The court erred in its refusal to strike jury fees from respondents' cost bill, since the fees were incurred by Kilday, as a cross-defendant, rather than by respondents.
Respondents cross-complained against Kilday. Kilday alone then demanded a jury trial. The jury was instructed to consider the action against Kilday only if Green were found liable to Transamerica, and that a verdict in favor of Green would be regarded as complete exoneration of Kilday. The jury returned a verdict in favor of respondents, after which appellant appealed. Respondents also appealed from the judgment entered in favor of Kilday and against General Insurance ‘for the sole purpose of keeping Kilday in the case in the event a court reversed the verdict in favor of Green and General.’
Costs are allowed to a defendant in superior court ‘upon a judgment in his favor.’ (Code Civ.Proc., s 1032; see also Code Civ.Proc., s 1032.5; 3 Witkin, Cal. Procedure, Judgment, s 24, p. 1903.) However, one unsuccessful defendant has been held not liable for costs incurred by a second defendant who was successful against the plaintiff, where the unsuccessful defendant neither brought the successful one into the case, nor was responsible for the plaintiff having named the successful defendant as a party (Davis v. Wilde (1961) 197 Cal.App.2d 855, 857, 17 Cal.Rptr. 925, cited with approval in Oakes v. McCarthy Co. (1968) 267 Cal.App.2d 231, 256, 73 Cal.Rptr. 127; Gibson v. Thrifty Drug Co. (1959) 173 Cal.App.2d 554, 556—557, 343 P.2d 610).
Similar reasoning should prevent appellant herein, an unsuccessful plaintiff against respondents in the trial court, from being liable for jury fee costs incurred by Kilday, a successful defendant receiving judgment against respondents in the trial court, where appellant did not name Kilday as a party. Judgment in favor of Kilday against Green and General Insurance appears to have been ordered Nunc pro tunc by the trial court, but as to them the cause has not been tried on the merits. The judgment in his favor is reversed, and the cross-complaint against him is ordered reinstated.
The judgment on the cross-complaint in favor of James S. Green and General Insurance Company of America is reversed and the court is directed to enter judgment for appellant in the sum of $11,156.21 plus interest, and reasonable attorney's fees, with costs.
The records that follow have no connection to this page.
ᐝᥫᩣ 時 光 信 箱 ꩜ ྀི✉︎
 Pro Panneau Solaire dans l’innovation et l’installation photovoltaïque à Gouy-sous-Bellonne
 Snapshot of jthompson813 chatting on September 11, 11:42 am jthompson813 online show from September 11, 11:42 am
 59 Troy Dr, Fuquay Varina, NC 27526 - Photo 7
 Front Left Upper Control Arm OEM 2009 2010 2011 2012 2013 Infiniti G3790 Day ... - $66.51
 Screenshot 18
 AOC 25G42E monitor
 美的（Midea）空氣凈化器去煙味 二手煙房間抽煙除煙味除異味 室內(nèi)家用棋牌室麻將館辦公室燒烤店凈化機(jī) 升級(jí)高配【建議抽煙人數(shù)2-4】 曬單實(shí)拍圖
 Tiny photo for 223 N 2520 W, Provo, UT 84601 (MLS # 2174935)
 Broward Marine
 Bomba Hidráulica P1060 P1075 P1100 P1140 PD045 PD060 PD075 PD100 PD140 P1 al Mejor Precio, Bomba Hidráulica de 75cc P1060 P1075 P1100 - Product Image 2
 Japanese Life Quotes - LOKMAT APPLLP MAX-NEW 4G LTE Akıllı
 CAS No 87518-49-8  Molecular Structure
The order denying appellant's motion to strike jury fees claimed by respondents' cost bill against appellant is reversed, and the trial court is directed to grant the motion.
DAVID, Associate Justice pro tem.* FN* Retired Superior Court Judge, sitting under Assignment by the Chairman of the Judicial Council.
SHOEMAKER, P.J., and TAYLOR, J., concur.